The Elusive Relationship between Mental Health Profiles and Valence-related Biases in Reinforcement Learning
Zoe Koopmans, Sophie Bavard, Stefano Palminteri, École normale supérieure, France
Session:
Posters 2B Poster
Presentation Time:
Fri, 25 Aug, 13:00 - 15:00 United Kingdom Time
Abstract:
Learning to maximise reward, and minimise punishment, is the theoretical premise of reinforcement learning (RL). Although both might seem computationally similar, their contrasting affect modulates learning behaviour. Humans tend to integrate incoming feedback with a positive valence more than feedback with a negative valence. In this study, we investigate how RL-based valence biases might be related to mental health profiles characterised by three novel psychiatric dimensions (Anxious Depression (AD), Compulsivity (C) and Substance Abuse (SA)), while accounting for context-dependent value encoding. This positivity bias is hypothesised to be further altered by mental health states. Additionally, we posit context-dependent value encoding as a relevant modulator valence biased behaviour. While we find a correlation between our SA dimension and value encoding transfer between experimental phases, the correlation between our psychiatric dimensions and both valence bias and context dependency remain elusive.

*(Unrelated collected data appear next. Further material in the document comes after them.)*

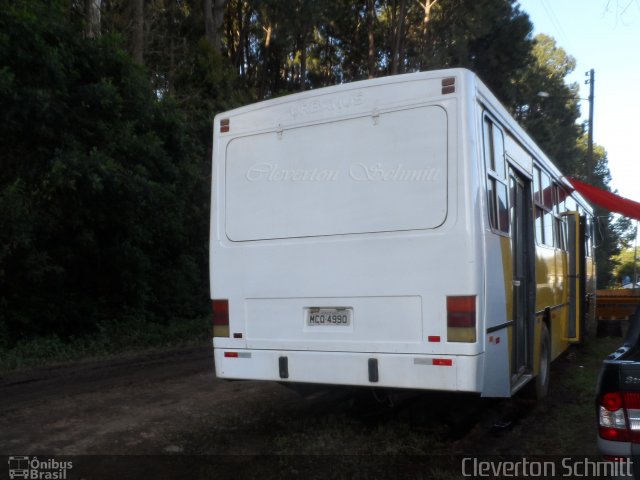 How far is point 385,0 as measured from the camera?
91.0 ft

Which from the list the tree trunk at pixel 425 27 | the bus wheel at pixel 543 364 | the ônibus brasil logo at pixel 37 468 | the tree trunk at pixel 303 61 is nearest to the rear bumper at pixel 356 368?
the ônibus brasil logo at pixel 37 468

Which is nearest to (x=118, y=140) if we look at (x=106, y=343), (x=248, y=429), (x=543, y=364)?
(x=106, y=343)

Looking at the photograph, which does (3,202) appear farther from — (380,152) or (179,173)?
(380,152)

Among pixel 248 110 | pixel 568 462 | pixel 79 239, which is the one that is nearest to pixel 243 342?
pixel 248 110

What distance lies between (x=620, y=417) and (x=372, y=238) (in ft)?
8.79

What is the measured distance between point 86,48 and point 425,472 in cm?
1050

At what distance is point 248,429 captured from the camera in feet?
23.1

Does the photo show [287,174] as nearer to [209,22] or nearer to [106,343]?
[106,343]

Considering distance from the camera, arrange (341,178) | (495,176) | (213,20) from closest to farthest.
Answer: (341,178) < (495,176) < (213,20)

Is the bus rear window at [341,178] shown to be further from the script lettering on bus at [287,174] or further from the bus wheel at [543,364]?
the bus wheel at [543,364]

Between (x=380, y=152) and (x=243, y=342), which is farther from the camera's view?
(x=243, y=342)

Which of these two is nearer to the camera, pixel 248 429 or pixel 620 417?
pixel 620 417

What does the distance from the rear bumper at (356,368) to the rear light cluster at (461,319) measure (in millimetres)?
157

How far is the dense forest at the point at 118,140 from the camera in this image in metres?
11.7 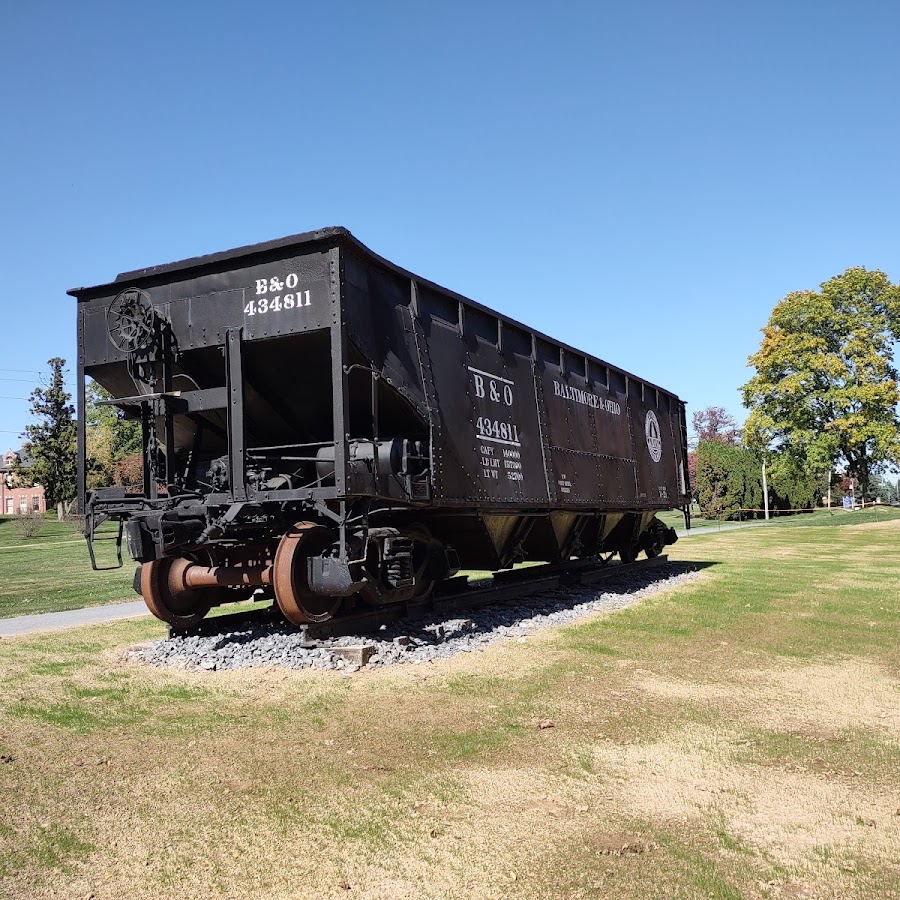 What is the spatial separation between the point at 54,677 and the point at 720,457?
144 feet

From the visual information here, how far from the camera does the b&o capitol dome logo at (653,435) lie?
54.6 ft

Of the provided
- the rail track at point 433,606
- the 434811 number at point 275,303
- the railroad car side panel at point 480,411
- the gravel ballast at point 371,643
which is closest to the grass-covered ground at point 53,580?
the rail track at point 433,606

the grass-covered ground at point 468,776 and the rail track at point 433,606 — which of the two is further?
the rail track at point 433,606

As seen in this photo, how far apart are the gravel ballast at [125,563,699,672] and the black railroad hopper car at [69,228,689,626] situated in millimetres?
415

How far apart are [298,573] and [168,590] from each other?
6.15 feet

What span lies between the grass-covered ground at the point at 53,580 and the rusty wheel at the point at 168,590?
16.3 ft

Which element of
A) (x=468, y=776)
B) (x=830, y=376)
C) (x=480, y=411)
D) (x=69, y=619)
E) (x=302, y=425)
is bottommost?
(x=468, y=776)

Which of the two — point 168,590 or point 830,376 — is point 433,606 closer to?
point 168,590

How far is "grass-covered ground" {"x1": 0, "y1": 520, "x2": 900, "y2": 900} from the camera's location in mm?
3617

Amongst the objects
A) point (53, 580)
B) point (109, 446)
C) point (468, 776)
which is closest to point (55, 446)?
point (109, 446)

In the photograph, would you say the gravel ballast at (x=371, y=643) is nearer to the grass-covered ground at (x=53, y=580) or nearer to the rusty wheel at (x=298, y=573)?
the rusty wheel at (x=298, y=573)

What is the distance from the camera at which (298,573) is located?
773 cm

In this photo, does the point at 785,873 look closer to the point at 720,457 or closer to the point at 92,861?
the point at 92,861

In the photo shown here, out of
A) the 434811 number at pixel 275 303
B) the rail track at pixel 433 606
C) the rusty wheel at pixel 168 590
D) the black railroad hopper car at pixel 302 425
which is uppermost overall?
the 434811 number at pixel 275 303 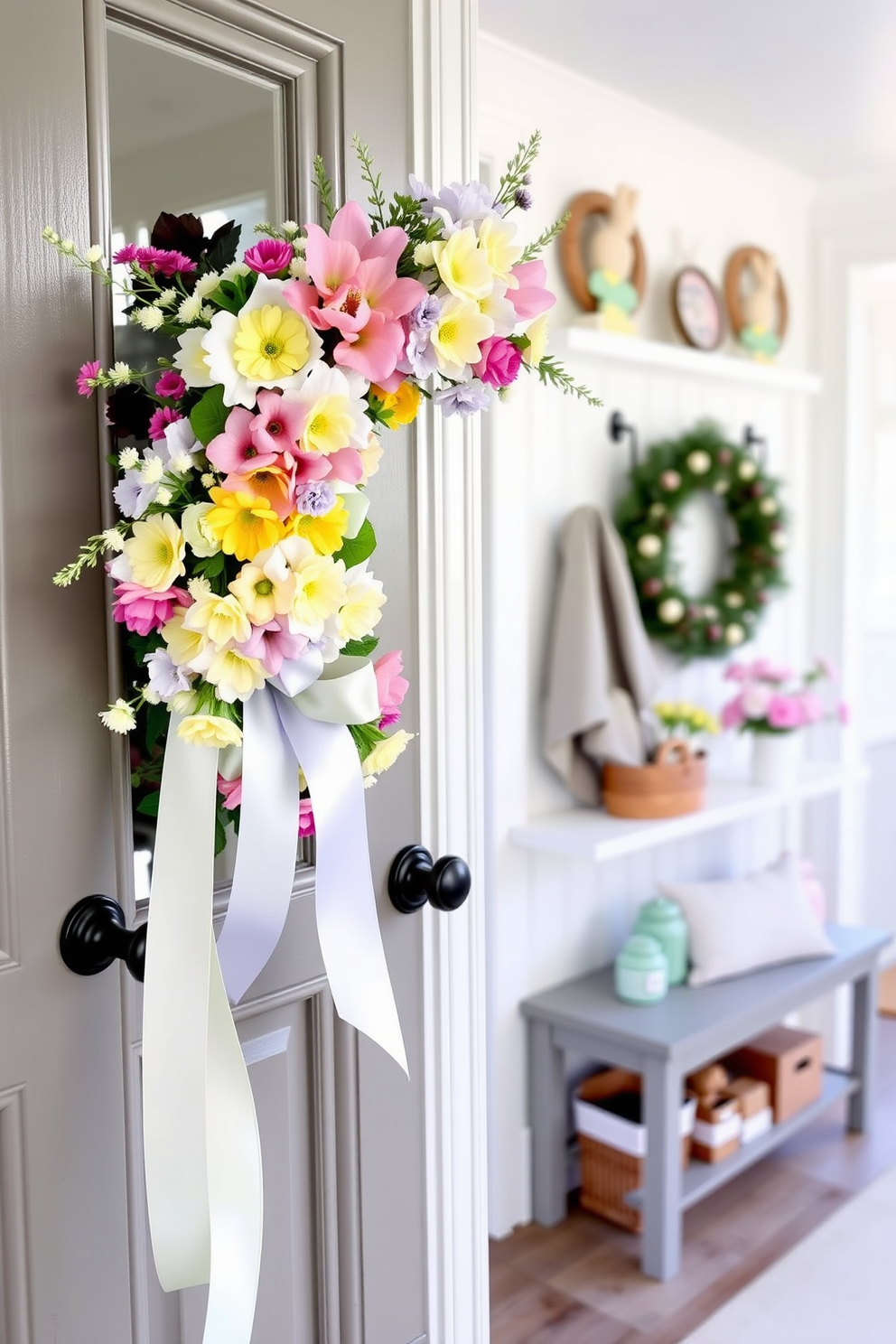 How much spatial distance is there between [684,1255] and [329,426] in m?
2.18

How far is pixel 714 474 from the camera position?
2.88 meters

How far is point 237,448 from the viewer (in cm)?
94

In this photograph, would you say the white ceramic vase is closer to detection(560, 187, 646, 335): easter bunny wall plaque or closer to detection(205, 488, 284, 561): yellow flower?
detection(560, 187, 646, 335): easter bunny wall plaque

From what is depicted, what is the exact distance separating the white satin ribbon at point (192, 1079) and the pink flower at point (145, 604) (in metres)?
0.10

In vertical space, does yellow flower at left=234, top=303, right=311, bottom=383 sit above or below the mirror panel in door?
below

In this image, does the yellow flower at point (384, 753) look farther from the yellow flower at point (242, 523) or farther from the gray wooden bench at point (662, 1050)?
the gray wooden bench at point (662, 1050)

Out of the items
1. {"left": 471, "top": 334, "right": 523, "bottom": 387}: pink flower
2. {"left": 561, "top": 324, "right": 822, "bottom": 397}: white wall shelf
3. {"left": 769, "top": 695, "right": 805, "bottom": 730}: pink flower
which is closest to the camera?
{"left": 471, "top": 334, "right": 523, "bottom": 387}: pink flower

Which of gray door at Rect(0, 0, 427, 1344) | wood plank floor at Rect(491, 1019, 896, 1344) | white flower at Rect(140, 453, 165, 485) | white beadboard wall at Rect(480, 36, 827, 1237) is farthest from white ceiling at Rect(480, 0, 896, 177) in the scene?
wood plank floor at Rect(491, 1019, 896, 1344)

We propose these behavioural traits might lack temporal robustness. This is supported by our findings showing thorough replicability but poor interindividual reliability. In contrast questionnaire derived results show good reliability. In conclusion, we present a rationale for a reappraisal of task elicited mental health studies without reliability analysis. Furthermore, we advocate for systematic state versus trait analysis in task-related mental health approaches.